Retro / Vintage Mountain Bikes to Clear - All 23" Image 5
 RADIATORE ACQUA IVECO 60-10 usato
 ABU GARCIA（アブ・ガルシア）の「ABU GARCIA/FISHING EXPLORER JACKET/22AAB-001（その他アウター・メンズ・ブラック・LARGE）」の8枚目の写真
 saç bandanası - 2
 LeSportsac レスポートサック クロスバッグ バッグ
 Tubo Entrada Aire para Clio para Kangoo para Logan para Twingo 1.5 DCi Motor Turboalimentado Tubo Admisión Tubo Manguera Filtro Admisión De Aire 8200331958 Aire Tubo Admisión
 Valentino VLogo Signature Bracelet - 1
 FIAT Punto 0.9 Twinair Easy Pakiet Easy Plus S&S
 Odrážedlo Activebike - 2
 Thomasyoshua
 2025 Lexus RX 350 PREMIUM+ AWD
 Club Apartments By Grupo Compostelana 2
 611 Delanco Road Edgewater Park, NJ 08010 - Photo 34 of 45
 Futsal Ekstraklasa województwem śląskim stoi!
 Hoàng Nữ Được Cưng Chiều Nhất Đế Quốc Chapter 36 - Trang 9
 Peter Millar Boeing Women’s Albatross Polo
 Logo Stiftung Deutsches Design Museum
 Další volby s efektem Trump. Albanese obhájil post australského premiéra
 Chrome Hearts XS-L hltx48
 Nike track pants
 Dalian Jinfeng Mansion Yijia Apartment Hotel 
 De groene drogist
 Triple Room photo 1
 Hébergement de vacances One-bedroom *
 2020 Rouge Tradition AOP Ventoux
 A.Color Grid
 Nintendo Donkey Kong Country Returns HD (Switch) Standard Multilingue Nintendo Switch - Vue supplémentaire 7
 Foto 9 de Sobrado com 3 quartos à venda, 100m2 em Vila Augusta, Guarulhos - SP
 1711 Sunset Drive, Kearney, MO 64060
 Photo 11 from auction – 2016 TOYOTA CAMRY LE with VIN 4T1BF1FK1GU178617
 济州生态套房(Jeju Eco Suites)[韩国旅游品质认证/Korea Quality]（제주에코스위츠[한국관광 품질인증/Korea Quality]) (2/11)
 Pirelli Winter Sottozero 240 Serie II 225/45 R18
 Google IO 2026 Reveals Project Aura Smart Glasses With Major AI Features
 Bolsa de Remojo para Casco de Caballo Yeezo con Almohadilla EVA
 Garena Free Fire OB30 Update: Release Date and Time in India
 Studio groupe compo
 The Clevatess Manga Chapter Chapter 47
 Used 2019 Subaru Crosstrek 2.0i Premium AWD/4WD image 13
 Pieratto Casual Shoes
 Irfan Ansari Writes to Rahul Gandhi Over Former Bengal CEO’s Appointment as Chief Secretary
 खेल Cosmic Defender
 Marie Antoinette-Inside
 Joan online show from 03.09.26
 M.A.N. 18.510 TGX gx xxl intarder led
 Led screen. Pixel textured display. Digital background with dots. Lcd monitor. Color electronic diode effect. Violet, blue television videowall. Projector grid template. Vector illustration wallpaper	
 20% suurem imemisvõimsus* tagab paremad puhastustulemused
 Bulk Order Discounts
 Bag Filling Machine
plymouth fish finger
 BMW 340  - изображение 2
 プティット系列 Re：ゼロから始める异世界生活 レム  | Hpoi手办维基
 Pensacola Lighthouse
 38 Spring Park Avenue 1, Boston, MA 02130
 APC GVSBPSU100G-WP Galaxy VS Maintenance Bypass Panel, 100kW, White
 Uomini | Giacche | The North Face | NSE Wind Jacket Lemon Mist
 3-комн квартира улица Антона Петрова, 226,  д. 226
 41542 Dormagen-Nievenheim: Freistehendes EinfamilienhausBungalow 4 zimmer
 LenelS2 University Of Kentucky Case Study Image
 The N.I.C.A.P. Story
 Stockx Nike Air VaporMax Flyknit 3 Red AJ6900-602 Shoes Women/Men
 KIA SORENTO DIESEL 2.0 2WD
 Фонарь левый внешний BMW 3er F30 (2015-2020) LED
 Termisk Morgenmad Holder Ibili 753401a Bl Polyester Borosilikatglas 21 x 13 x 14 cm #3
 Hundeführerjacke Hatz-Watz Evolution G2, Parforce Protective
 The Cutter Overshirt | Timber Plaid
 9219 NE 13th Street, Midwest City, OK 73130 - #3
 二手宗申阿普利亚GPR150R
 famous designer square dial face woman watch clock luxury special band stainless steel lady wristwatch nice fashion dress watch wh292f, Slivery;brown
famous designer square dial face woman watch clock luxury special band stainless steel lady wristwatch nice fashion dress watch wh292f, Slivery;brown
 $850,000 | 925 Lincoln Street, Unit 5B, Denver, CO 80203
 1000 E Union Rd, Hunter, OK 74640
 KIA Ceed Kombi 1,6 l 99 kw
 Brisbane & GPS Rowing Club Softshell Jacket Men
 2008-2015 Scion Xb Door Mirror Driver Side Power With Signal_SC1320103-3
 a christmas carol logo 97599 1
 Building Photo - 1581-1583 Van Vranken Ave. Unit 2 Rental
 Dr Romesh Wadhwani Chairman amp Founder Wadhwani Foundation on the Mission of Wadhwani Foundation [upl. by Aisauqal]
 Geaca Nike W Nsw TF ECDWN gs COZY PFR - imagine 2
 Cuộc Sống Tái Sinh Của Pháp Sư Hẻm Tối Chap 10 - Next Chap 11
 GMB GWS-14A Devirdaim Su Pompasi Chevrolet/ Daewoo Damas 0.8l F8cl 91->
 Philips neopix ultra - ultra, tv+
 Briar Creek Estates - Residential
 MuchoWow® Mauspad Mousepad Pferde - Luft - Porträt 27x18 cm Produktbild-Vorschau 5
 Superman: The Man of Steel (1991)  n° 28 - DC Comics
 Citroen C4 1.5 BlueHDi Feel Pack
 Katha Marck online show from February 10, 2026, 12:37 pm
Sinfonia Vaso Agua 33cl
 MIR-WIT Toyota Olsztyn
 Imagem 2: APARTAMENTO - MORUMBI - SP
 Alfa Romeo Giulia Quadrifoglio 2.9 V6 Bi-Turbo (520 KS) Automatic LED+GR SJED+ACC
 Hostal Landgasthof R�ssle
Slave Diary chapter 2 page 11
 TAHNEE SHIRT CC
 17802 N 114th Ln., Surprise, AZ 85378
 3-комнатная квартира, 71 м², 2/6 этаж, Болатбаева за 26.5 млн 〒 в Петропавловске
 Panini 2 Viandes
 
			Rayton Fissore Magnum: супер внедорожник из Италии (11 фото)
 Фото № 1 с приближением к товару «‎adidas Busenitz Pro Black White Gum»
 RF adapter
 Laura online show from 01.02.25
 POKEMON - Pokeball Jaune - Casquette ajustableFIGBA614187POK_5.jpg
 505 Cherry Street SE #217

◆ ◆ ◆ ◆ ◆

#### Exercise:
Starting at the line with "Led screen. Pixel" and ending at the line with "LenelS2 University Of", print each line of the listing above exactly, with no other lines.

#### Expected output:
 Led screen. Pixel textured display. Digital background with dots. Lcd monitor. Color electronic diode effect. Violet, blue television videowall. Projector grid template. Vector illustration wallpaper	
 20% suurem imemisvõimsus* tagab paremad puhastustulemused
 Bulk Order Discounts
 Bag Filling Machine
plymouth fish finger
 BMW 340  - изображение 2
 プティット系列 Re：ゼロから始める异世界生活 レム  | Hpoi手办维基
 Pensacola Lighthouse
 38 Spring Park Avenue 1, Boston, MA 02130
 APC GVSBPSU100G-WP Galaxy VS Maintenance Bypass Panel, 100kW, White
 Uomini | Giacche | The North Face | NSE Wind Jacket Lemon Mist
 3-комн квартира улица Антона Петрова, 226,  д. 226
 41542 Dormagen-Nievenheim: Freistehendes EinfamilienhausBungalow 4 zimmer
 LenelS2 University Of Kentucky Case Study Image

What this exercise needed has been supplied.